«Волна моей популярности докатилась аж до паблика газеты „Кошехабльские вести“. Там тоже обеспокоены моральным обликом председателя Союза журналистов Карелии». Такой пост в своем Facebook* написал карельский журналист Георгий Чентемиров, когда местные медиа стали распространять запись с травлей в его адрес. Для него это стало одним из аргументов в пользу эмиграции — как и объявление частичной мобилизации в РФ. Чентемиров вместе с семьей уехал в Норвегию, сохранив за собой пост председателя Союза журналистов Карелии. В интервью «7х7» Георгий рассказал о работе в условиях цензуры, попытках защищать права журналистов в РФ и новой жизни без страха попасть в колонию.
Безопасность или журналистское самопожертвование
- Почему вы уехали из России?
- Причин было две. Во-первых, история, которая развернулась с моей травлей. Я посчитал ее прямым намеком, звоночком, что, как у нас журналисты говорят, “папочка распухла” [так называют ситуации, когда человеком интересуются силовые органы]. И я мог героически пойти в тюрьму [если бы возбудили уголовное дело], но проблема в том, что шитье рукавиц, конечно, принесет пользу обществу, но мне кажется, что своим журналистским трудом я принесу больше пользы.
Я ни разу не Навальный. Я не фигура мирового масштаба, мои расследования не читали и не смотрели сотни миллионов людей. Он в тюрьме, но он символ сопротивления, символ борьбы. Я таким символом не стану, а буду одним из миллионов зеков, которые шьют рукавички.
Вторая причина в том, что 21 сентября [день объявления частичной мобилизации] Владимир Владимирович Путин снял все моральные преграды в размышлениях, нужно или не нужно уезжать, потому что я военнообязанный, моя жена военнообязанная. Тут вопрос не только в том, посадят или не посадят, должен ли журналист испить чашу или не должен, - здесь вопрос в том, что я совершенно не хочу участвовать в [Роскомнадзор], которую ненавижу.
- История с травлей - расскажите, что это было? Вы знаете, кто ее устроил?
- 14 сентября на каком-то непонятном ресурсе [это был сайт “Новый взгляд”] появился пост, в котором сказано, как я на семинар за границу езжу и Путина ругаю, скотина такая. Там был какой-то бред вплоть до того, что они нарыли и в пику мне поставили мой очень давний пост, где я писал, что ГМО не вредно. В общем, это была небольшая омерзительная заметка, я не придал ей особого значения.
Вечером того же дня с интервалом в минуту в разных карельских пабликах появилось 10 постов с перепечаткой этой статьи.

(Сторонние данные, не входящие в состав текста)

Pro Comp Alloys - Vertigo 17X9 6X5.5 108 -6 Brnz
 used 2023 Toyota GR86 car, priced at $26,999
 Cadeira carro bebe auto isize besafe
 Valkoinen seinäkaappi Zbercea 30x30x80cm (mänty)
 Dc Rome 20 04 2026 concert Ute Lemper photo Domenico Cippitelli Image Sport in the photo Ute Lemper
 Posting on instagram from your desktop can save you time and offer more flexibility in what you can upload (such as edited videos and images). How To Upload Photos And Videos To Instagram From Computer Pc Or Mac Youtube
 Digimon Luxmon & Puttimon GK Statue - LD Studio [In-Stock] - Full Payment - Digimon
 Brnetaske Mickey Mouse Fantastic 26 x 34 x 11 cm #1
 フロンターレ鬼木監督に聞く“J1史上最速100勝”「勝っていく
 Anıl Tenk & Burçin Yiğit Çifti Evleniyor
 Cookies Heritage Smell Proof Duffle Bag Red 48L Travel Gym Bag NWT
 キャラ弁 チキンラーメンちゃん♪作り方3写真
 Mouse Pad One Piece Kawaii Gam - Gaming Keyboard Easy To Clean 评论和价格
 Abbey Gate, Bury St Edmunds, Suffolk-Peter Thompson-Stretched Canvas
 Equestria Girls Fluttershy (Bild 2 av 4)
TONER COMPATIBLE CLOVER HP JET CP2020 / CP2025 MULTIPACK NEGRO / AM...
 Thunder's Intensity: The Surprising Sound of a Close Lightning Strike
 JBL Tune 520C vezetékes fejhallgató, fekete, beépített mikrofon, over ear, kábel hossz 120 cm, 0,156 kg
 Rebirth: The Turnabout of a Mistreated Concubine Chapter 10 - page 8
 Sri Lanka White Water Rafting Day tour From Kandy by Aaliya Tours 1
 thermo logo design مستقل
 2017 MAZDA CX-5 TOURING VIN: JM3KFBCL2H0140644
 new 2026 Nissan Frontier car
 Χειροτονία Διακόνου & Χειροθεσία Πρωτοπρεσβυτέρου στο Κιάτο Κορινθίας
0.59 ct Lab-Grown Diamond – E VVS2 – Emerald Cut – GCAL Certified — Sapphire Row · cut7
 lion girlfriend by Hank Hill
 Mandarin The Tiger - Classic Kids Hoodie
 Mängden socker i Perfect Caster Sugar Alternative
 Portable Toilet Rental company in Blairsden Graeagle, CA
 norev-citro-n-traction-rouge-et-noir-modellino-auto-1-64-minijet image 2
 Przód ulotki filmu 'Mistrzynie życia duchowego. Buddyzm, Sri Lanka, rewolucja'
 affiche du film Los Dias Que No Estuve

Когда я их увидел — позвонил бывшим коллегам, которые теперь работают в ЦУР [Центр управления регионом - структура, которая подчиняется федеральной власти и занимается сбором жалоб от жителей и пиаром в социальных сетях]. Через ЦУР прошла половина карельских журналистов, он их переманивает [на работу]. Я спросил ребят, которые ко мне хорошо относятся: “Это ваше?” Они сказали, что как бы да. Я понял, что раз кто-то просил потратить время, чтобы государственная структура села и разместила про меня посты, то, наверное, за меня решили немножко взяться.
- С чем вы связываете эту травлю, из-за чего она развернулась?
- Из-за нескольких факторов. Из-за того, что мы в Союзе журналистов Карелии выпустили заявление против военной цензуры. Из-за моей личной позиции: она была аккуратной в юридическом плане, но ярко антивоенной. Плюс мои публикации. Почему именно сейчас [случилась травля] - не знаю.
- Что вы сделали, когда узнали, кто может стоять за публикацией про вас и постами?
- Стал советоваться с людьми.
Мне сказали: “Слушай, Чентемиров, вообще паниковать не надо, но у тебя виза-то есть?”
- Вы увидели эффект от тех публикаций, вас обсуждала аудитория пабликов, вам поступали угрозы?
- Удивительно, но нет, потому что я ждал ура-патриотов, которые бы сказали, какая я мразота. Наоборот, в одном из пабликов стали появляться комментарии в мою защиту. Была одна угроза от человека, который написал мне в личку, что меня изобьет, но не сам, подаст на меня в суд, и вообще пускай мной занимаются правоохранительные органы. Я так и не понял, чем он мне угрожал.
Капельки лояльности
- Были ли у вас проблемы на работе до вашего отъезда из России?
- В издании “Петрозаводск говорит” [владелец медиа - предприниматель], где я работал последние пять лет, мы много чего себе позволяли: писали критические статьи, делали расследования, репортажи, все было довольно неплохо.
До 24 февраля [дня начала военных действий в Украине] грань [допустимого] была достаточно незаметной. Может быть, я не должен говорить таких вещей, но я их, на самом деле, всегда транслировал. Вот есть издание, у него есть владелец. По закону “О СМИ”, по всем стандартам этики и прочим красивым словам учредитель не имеет права вмешиваться в политику издания. Но он вмешивается, потому что такова жизнь - это его издание. Зачем иметь медиа, которое не можешь использовать в своих интересах и целях?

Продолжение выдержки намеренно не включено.